As the distribution in Banashewa begins, the omda (chief) is summoned to receive the first buckets of maize and sorghum seeds, as a symbolic gesture. The chief, called Yousef, would likely have been present already but was only able to make a brief appearance, as he was presiding over the village court– at issue was the question of two men who had allegedly claimed the same woman as their wife.

Before taking the buckets of seeds, Yousef, a small older man wearing matching white pants and a shirt addresses the gathered crowd, speaking in the local Mabaan language.

“We will plant these seeds, and if there is rain, I know we will be able to succeed,” he says authoritatively, his voice quieting more than 150 people waiting. “God is the one who will make it possible.”

Finished speaking to the crowd, Yousef moves to the front of the line, collecting a bright green plastic bucket. Dried yellow and red maize kernels are spread out on a plastic sheet; he plunges the bucket into the pile, filling it. Setting the bucket back down on the pile, he brushes his hand
across the top, leveling the kernels at the top of the rim with a smile.

The sacks of maize empty quickly- fortunately, dozens of bags of sorghum seed remain. As people collect the seeds in their buckets, hollowed-out gara (calabash) bowls, and tied-together headscarves and mosquito nets, the piles quickly disappear. Two young men struggle to haul
additional sacks out of the grass-and-mud storehouse, staggering under the 100-kilogram (220 lb.) load before dropping it onto the plastic sheet.

Elizabeth Yelo, 24, is the first woman to come to the head of the line. She has waited for almost an hour. Her orange and pink sash is tied across a red t-shirt- a patterned headband keeps the sweat out of her eyes. She is collecting seeds to plant for herself and her two-year-old son, named Sankwat; as a single mother, she has few means by which to support herself, making the sorghum she receives today all the more vital.

“I’m alone and want to farm so I can help my child,” she says, speaking in Mabaan through a translator. “If I don’t have these seeds, I can’t plant anything.” Placing a plastic bucket on the ground, Mayodi pours in sorghum seeds; as she moves out of line, Simon, a volunteer community mobilizer with Mercy Corps, hands her the metal heads for a pick and a hoe, tools she can use to break up the hard earth and plant. Placing the tools into the bucket along with the seeds, she balances it atop her head and walks off.

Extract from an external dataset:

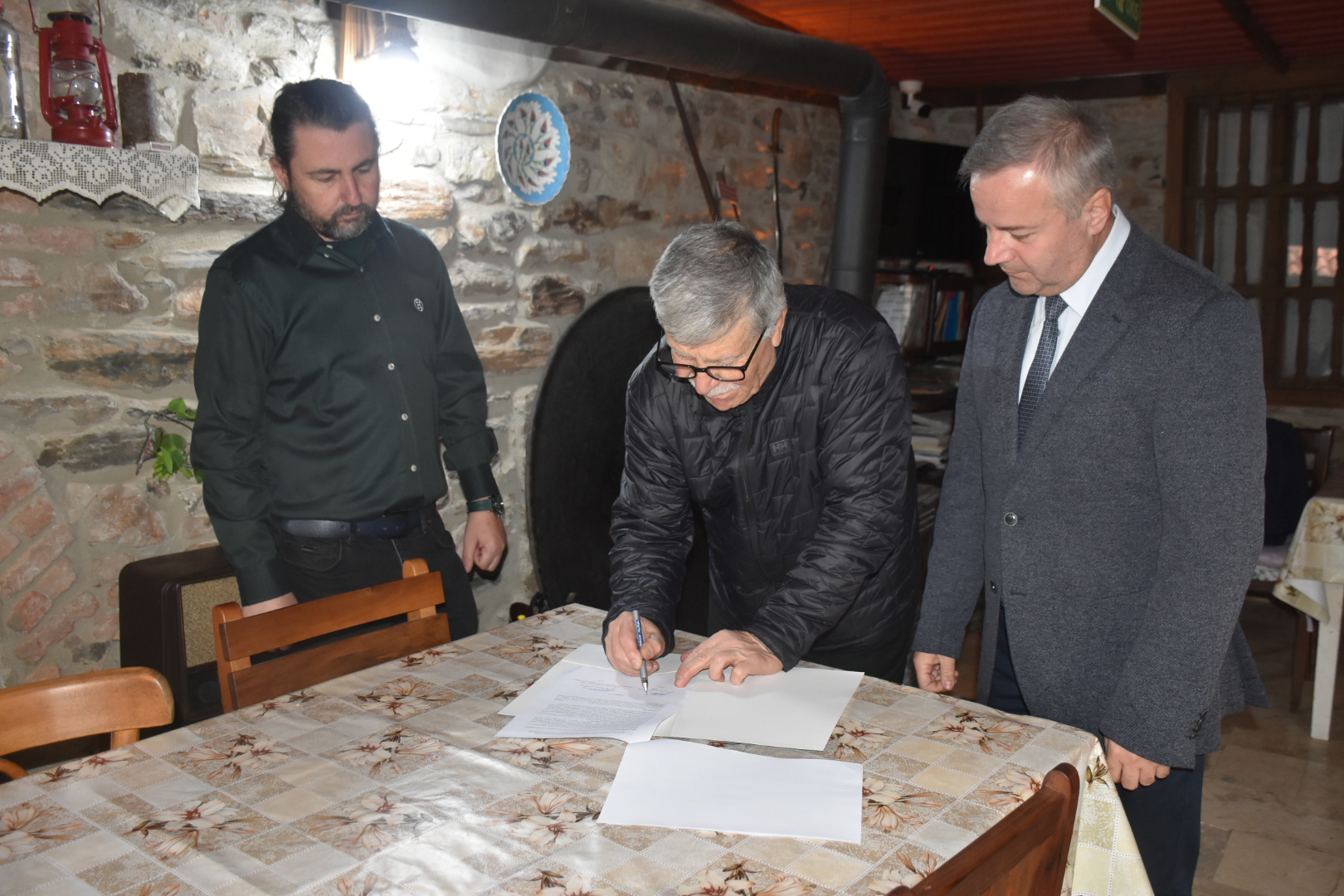 Karacasuda Imzalar Atildi 633281 275Fe383Fc2Ff25C3Fbbf6A71B69B466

Farther down the line, Deng Chuba waits. A blue-and-black knit cap is pulled down across his forehead, and he carries a large bucket. He has only recently arrived in Banashewa, and the seeds will be a critical first step for him, his wife, and their four children.

“It’s very helpful to us, since we just arrived here,” he says in a gravelly voice, speaking Arabic. “I can grow a crop that will multiply and get bigger.”

As the supply of seeds begins to dwindle, Gaga Goofoe comes to the head of the line. A wizened-looking old woman, she has a few wisps of thin white hair, a pair of metal hoop earrings, and sunken brown eyes clouded by time and cataracts. A middle-aged man, possibly her son, waits with her; Goofoe holds his shoulder to keep herself steady in the blazing sun.

“My son will cultivate for me,” she says in a voice barely above a whisper, when asked what she plans to do with the seeds. “I can grow a big crop with this.”

When the seeds are exhausted, the distribution comes to an end. As Mayodi, Wenesa, and the others fold the tarps and sort registration forms, a small boy who looks to be about three- years-old walks up, carrying an empty plastic water bottle. He grabs one of the few remaining handfuls of sorghum seeds in his small fist, and drops them into the mouth of the bottle. Filling it just under halfway, he gives a small smile and trudges off determinedly away from the rest of the crowd, heading away from the houses, and towards the waiting fields.